Many in the blogosphere have discussed the price-performance and particular features of Compute Engine that set it apart from its competitors. Last March, GigaOm published a test drive of Compute Engine by Sebastian Stadil and his team at Scalr, a front-end cloud management firm, comparing Google Compute Engine to Amazon Web Services. Google's writes to disk were almost twice as fast as AWS's, the report said. Janakiram MSV, head of cloud infrastructure services at Aditi Technologies, published his take on "Ten Features That Make Google Compute Engine Better Than AWS," including 5x faster virtual machine boot times.

[Want to learn more about how Google positions Compute Engine? See Google Compute Cloud Challenges Amazon.]

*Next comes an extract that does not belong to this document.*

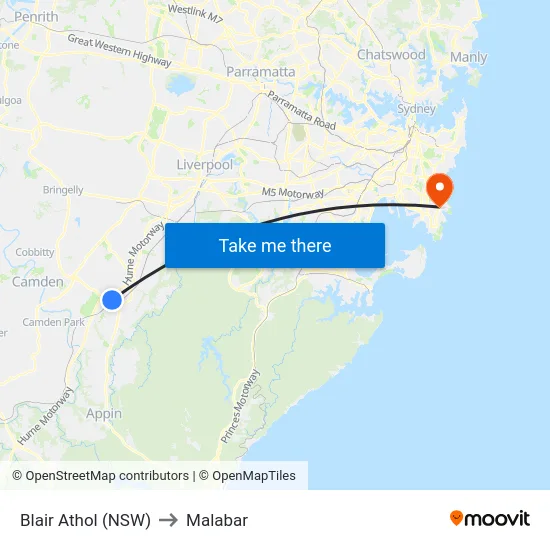 Blair Athol (NSW) to Malabar map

However, I find the promise of "performance stability" most enticing. When public cloud computing first emerged we, the public, were happy to get our hands on compute and storage resources on demand, at low cost. Many of us also experienced great joy in our ability to avoid the burdens of traditional system procurement and IT processes. Over time, however, as cloud use has matured, the quality of resource performance, or its stability, has become increasingly important.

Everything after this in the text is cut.